Exercise data —
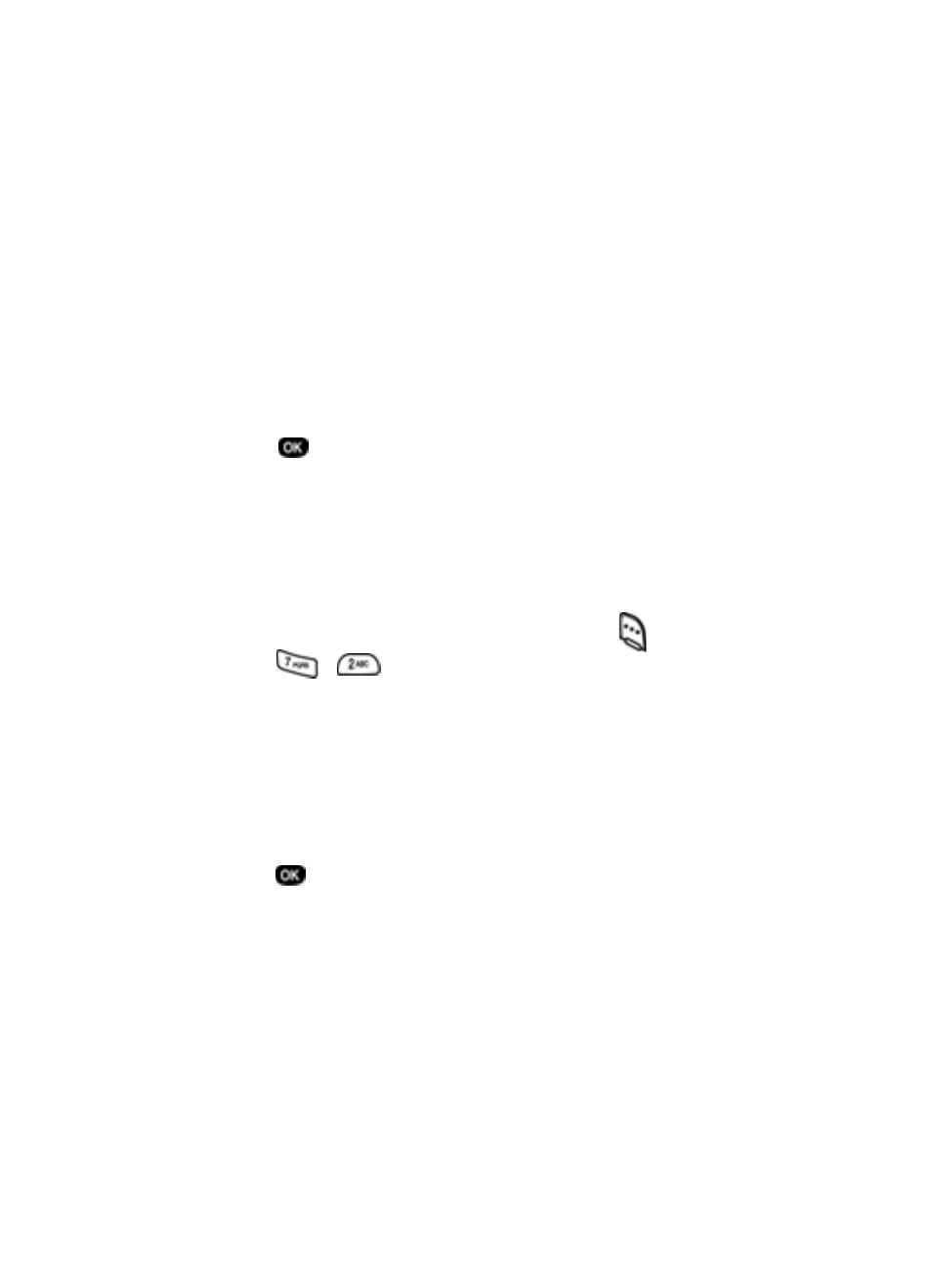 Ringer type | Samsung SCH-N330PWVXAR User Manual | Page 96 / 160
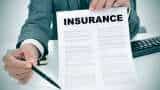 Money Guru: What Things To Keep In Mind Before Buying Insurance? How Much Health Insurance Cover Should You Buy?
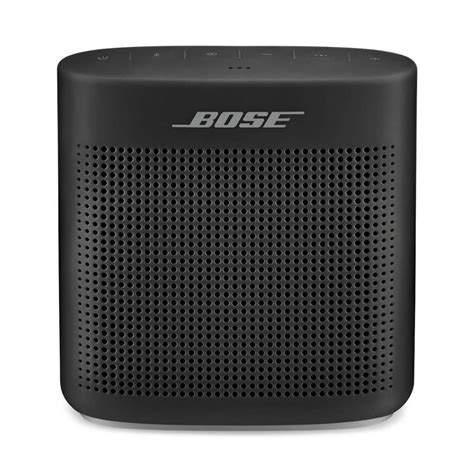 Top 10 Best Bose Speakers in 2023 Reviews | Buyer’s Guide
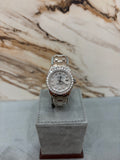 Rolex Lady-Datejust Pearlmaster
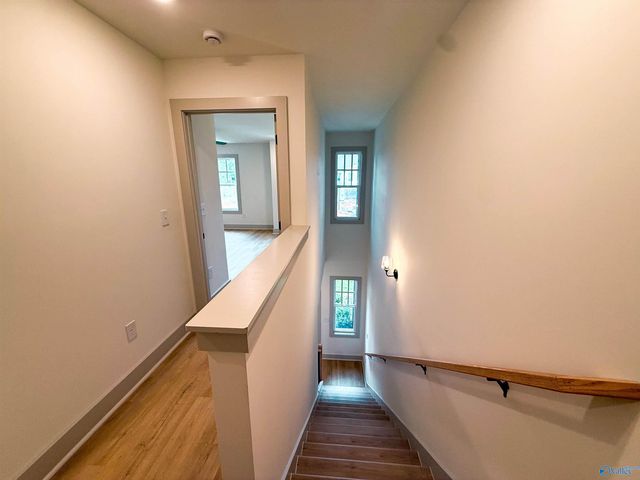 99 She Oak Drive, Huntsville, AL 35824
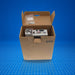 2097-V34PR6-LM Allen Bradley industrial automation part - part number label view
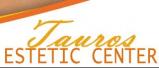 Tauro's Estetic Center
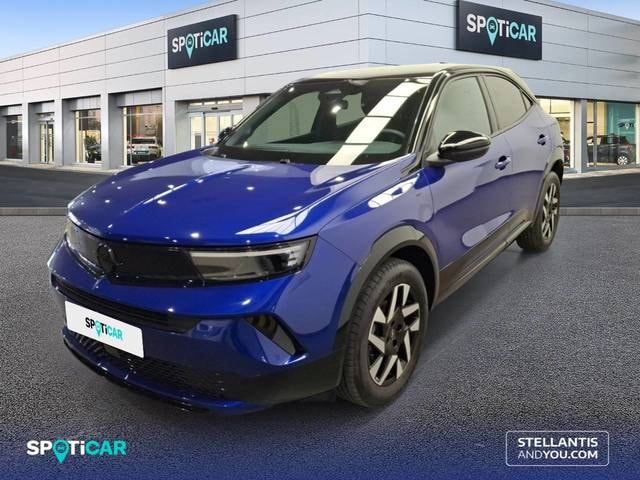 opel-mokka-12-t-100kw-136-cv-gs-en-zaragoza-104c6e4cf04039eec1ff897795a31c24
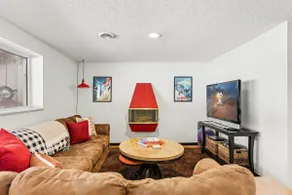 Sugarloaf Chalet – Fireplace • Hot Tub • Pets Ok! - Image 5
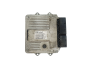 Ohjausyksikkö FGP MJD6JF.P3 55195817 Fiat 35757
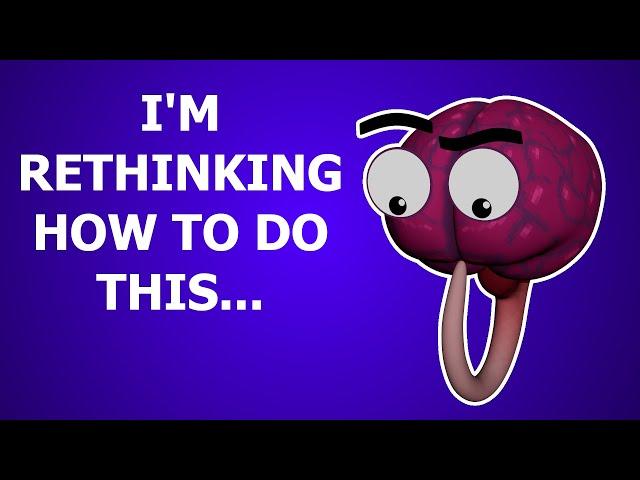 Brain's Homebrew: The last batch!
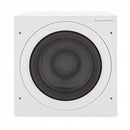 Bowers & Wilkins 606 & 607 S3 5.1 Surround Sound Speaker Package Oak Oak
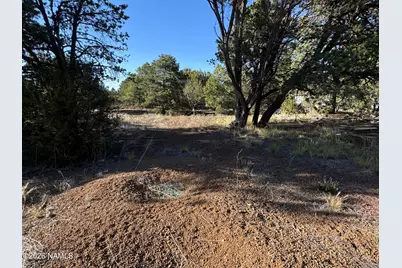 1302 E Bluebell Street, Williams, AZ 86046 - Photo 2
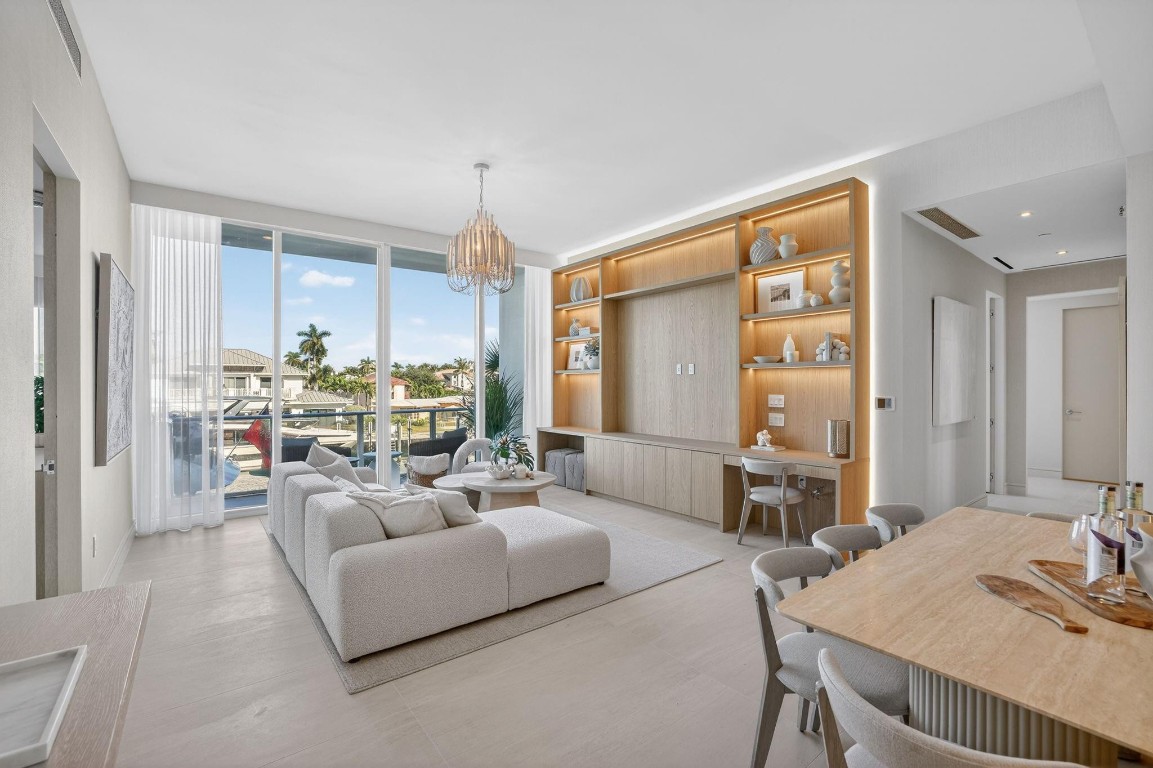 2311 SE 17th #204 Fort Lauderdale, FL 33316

Task details —
Reproduce every line above as written, skipping pictures.

Solution to this problem —
 Ringer type | Samsung SCH-N330PWVXAR User Manual | Page 96 / 160
 Money Guru: What Things To Keep In Mind Before Buying Insurance? How Much Health Insurance Cover Should You Buy?
 Top 10 Best Bose Speakers in 2023 Reviews | Buyer’s Guide
 Rolex Lady-Datejust Pearlmaster
 99 She Oak Drive, Huntsville, AL 35824
 2097-V34PR6-LM Allen Bradley industrial automation part - part number label view
 Tauro's Estetic Center
 opel-mokka-12-t-100kw-136-cv-gs-en-zaragoza-104c6e4cf04039eec1ff897795a31c24
 Sugarloaf Chalet – Fireplace • Hot Tub • Pets Ok! - Image 5
 Ohjausyksikkö FGP MJD6JF.P3 55195817 Fiat 35757
 Brain's Homebrew: The last batch!
 Bowers & Wilkins 606 & 607 S3 5.1 Surround Sound Speaker Package Oak Oak
 1302 E Bluebell Street, Williams, AZ 86046 - Photo 2
 2311 SE 17th #204 Fort Lauderdale, FL 33316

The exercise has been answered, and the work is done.